La Canela

Larry Molina Barber

When I was eleven in Mexico City in 1959, when my hormones effervesced, I was looking at a long black braid tied with green ribbon. Turning—she couldn’t have been more than 19—her profile shook my breath. That skin, canela they call it, cinnamon, glowing alongside her white maid’s uniform. Cheekbones plump and high, almond eye, nose arched, full lips singing a Mexican ballad. She elevated my heart and shattered it and, sprung from Mesoamerican lore, she was my first love. Her voice echoed in that tiny courtyard to one side of my buddy Jimmy’s house where there were cleaning supplies and a concrete washbasin set into the wall. I heard running water and smelled it on the stone as she wrung a wet mop with her hands and stopped, and stopped singing, when she saw me. She wasn’t much taller than I was. I stood motionless for an unknown time before somehow finding breath for an apology and backing away. Out of sight, I dared waiting. After a moment she picked up the song, her voice coming from many points at once in that house of flowers and open spaces and hard surfaces.

Mexico City, Guatemala City, and to a lesser extent Rio de Janeiro, the people and cultures those cities contained, are greatly responsible for saving my life as a boy. My grandparents came from Guatemala, so Latin America was a natural haven for me. In the United States I was then despised and shunned for my public behavior; it was, I confess, often outrageous and at times downright insulting. I twitched and blinked, grunted and jerked. Tourette syndrome is now known but when I was five and six and seven and eight and older it couldn’t be invoked to apologize for me shouting “Fuckshit!” (I feel compelled to note that, despite common knowledge and all jokes aside, only ten percent of TS sufferers have coprolalia).The fact that folks in Latin America didn’t understand my words was helpful. But what quelled my tears of fright and humiliation was the tenderness and the understanding with which Latin America embraced me. The world there acknowledged what I was feeling and mirrored my suffering. I saw a Guatemalan peon bent forward against a tumpline and dwarfed by the bundle of firewood he carried. He wasn’t much taller than I was. Was my load any heavier? My life then was losing control of mind and body and making a spectacle. I felt lacerated. In Latin America, a recumbent Christ statue with bloody, gaping wounds manifestly represents people living with pain. Yet through this pageant of tears shines their great capacity to accept life as it comes and so to accept a young boy who was far outside normal.

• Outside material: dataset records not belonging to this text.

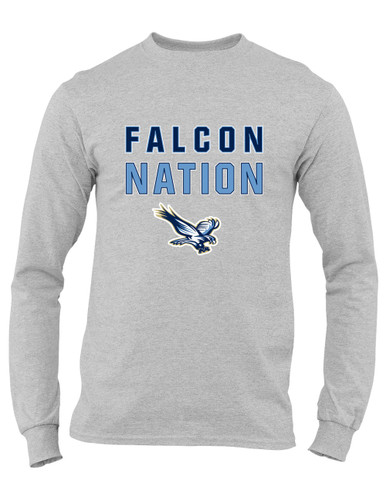Liberty Falcons Nation #2 Men's Premium LS T-Shirt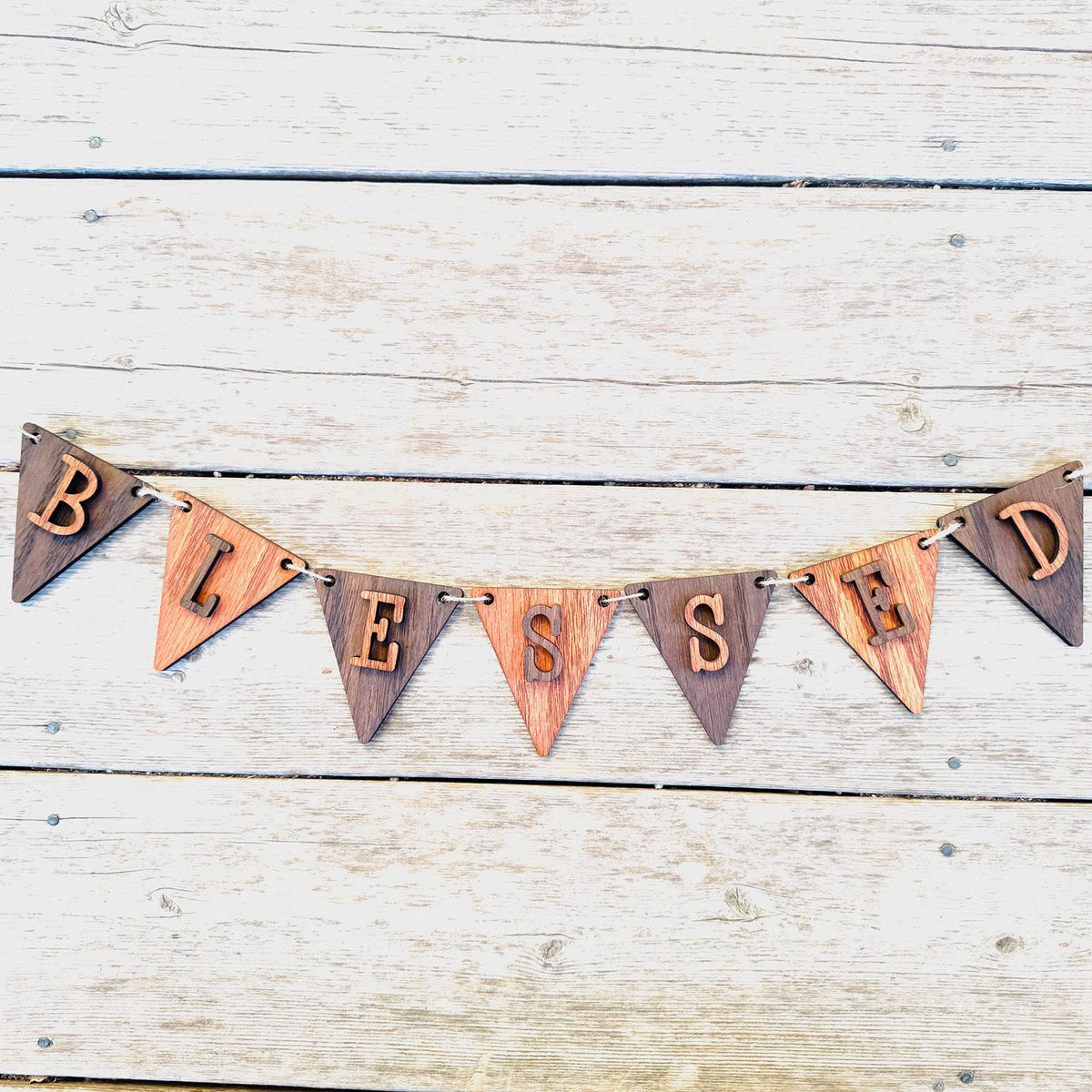 Fall Blessed Banner - Glowforge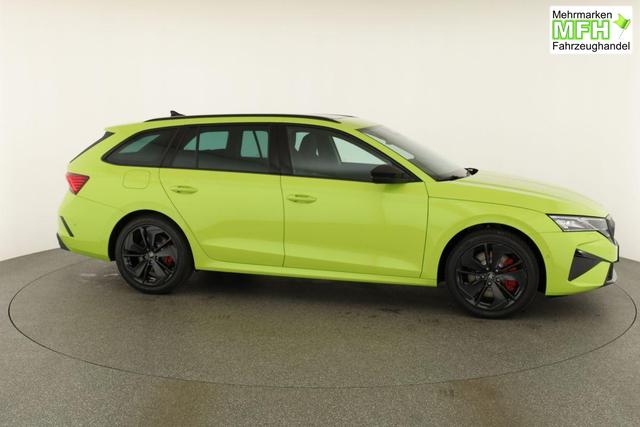 Skoda Octavia Combi 2.0 TSI 195 kW RS DSG, Pano, Standheizung, AHK, Navi, Matrix, Canton, Side, Winter, 5 J.-Garantie 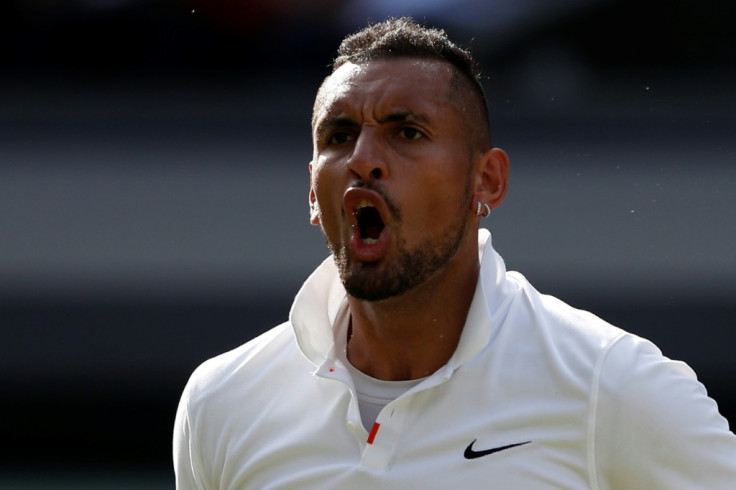 Australia's Nick Kyrgios was fined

My Mesoamerican love, mi indigena, wringing her mop, sang a heartbreak and it’s no wonder. The Mexican popular songbook is sheaf after sheaf of tragedy and loss. There are many with a rich-poor divide that is unbridgeable, unlike the few similar songs from the United States, where anything is possible. Ballads by bruised men might feature a bottle of tequila on a corner table; sometimes there is a gun or knife. The women’s songs are subtle and speak more honestly of hurt. In a time when transistor radios were cutting edge tech, mi indigena instead made song and the concrete walls of the house returned it, sad and with blues notes. She, as unrequited in song as I in my passion for her, unknowingly sang for me.

This is Latin America and it is as familiar as my grandmother’s wrinkled hands.